** LISTED ENTRIES follows **
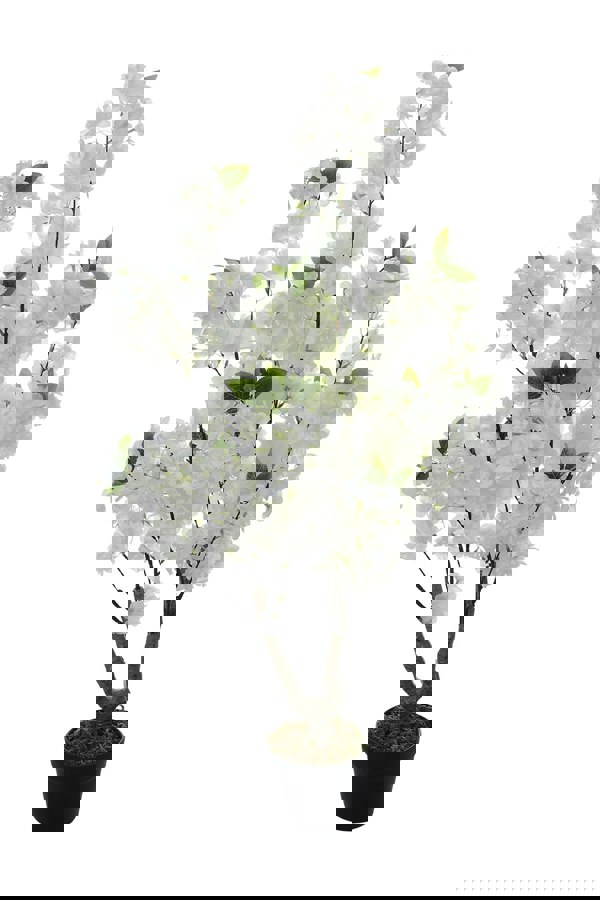 Living and Home 105cm Faux Cherry Flowering Tree in Pot for Outdoor Indoor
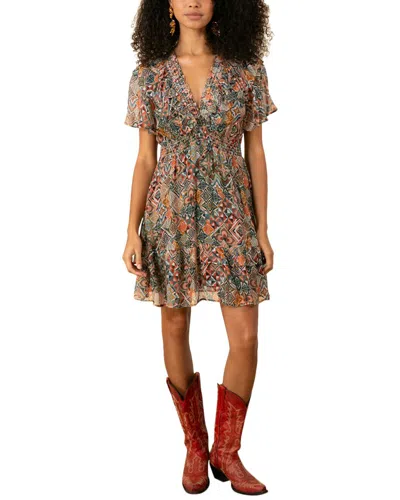 Hale Bob Kiara Silk-blend Dress In Multi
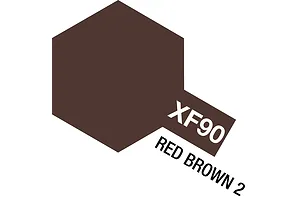 Tamiya XF-90 Red Brown 2 Flat Acrylic Paint 10ml image 34904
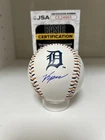KEVIN McGONIGLE SIGNED TIGERS LOGO REAL OFFICIAL MLB BASEBALL JSA COA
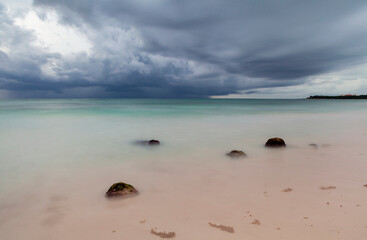 Seascapes of the Yucatan Peninsula. The Riviera Maya 
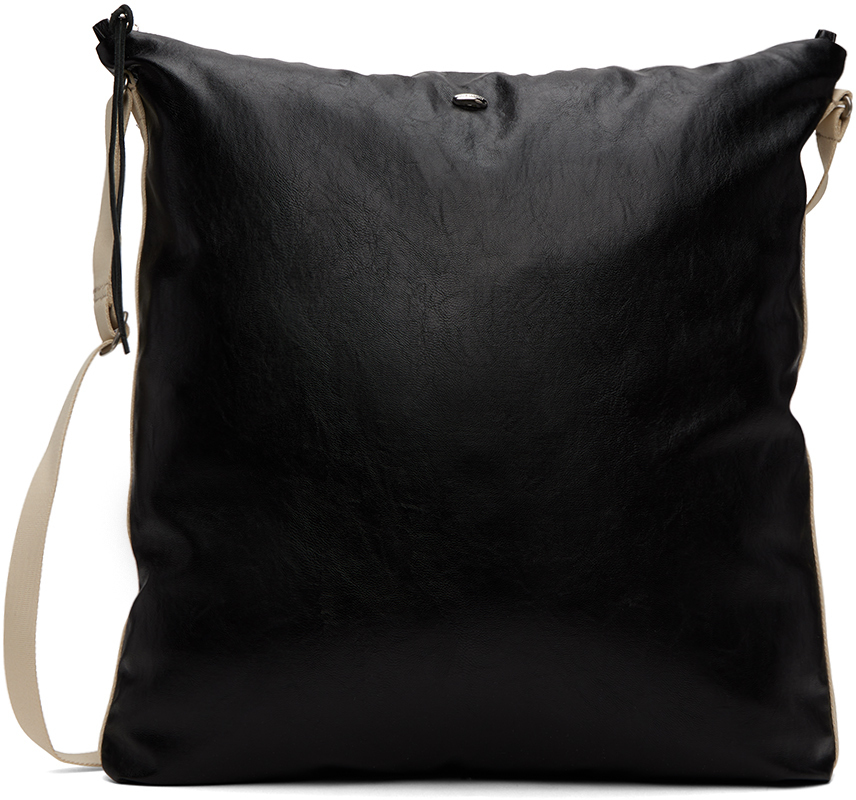 Our Legacy Black Capo Faux-Leather Tote Our Legacy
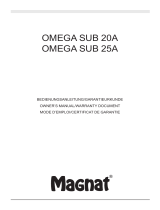 Magnat Omega 20A Le manuel du propriétaire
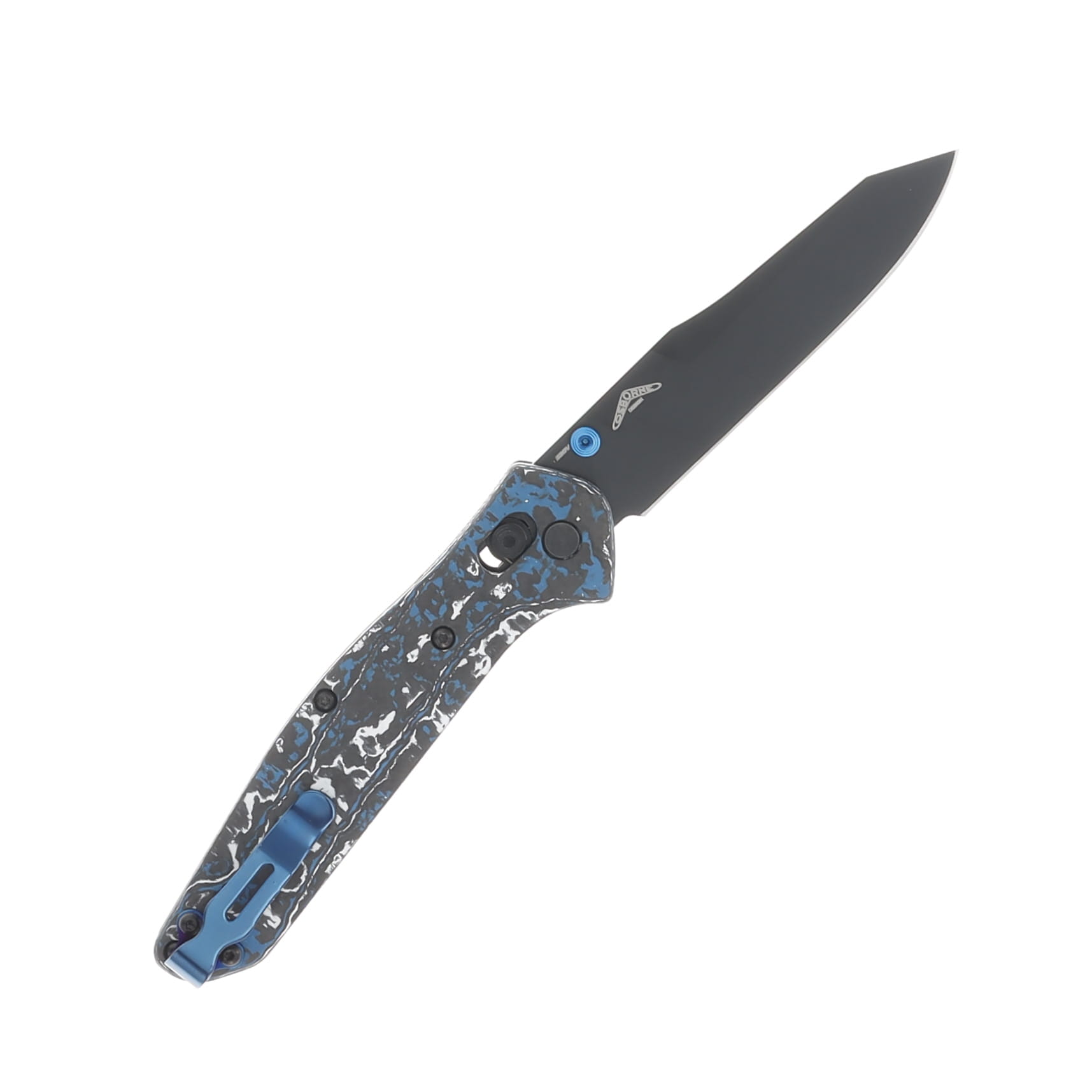 Benchmade Osborne Frost Fat Carbon CPM S30V Blade Folding Knife SMKW Exclusive BM940BK-2508 View 2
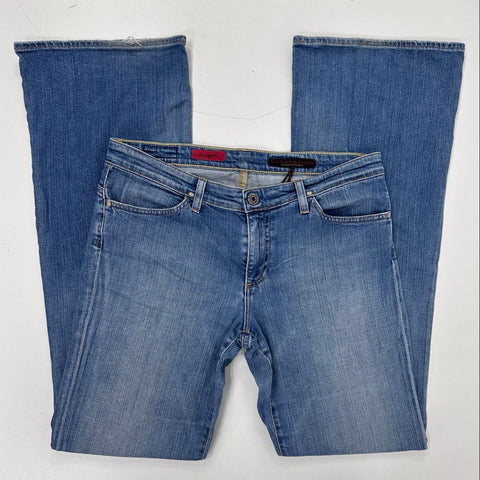 AG Adriano Goldschmied Womens The Legend Flare Jeans Medium Wash USA Sz 30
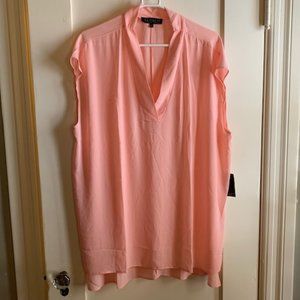 Eloquii NWT, Salmon Colored Blouse, Light & Lovely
** End of LISTED ENTRIES **
Only the lines from the one containing "Benchmade Osborne Frost" through the last line of the data above, both included, belong in the reply, each restated exactly and without pictures.

 Benchmade Osborne Frost Fat Carbon CPM S30V Blade Folding Knife SMKW Exclusive BM940BK-2508 View 2
 AG Adriano Goldschmied Womens The Legend Flare Jeans Medium Wash USA Sz 30
 Eloquii NWT, Salmon Colored Blouse, Light & Lovely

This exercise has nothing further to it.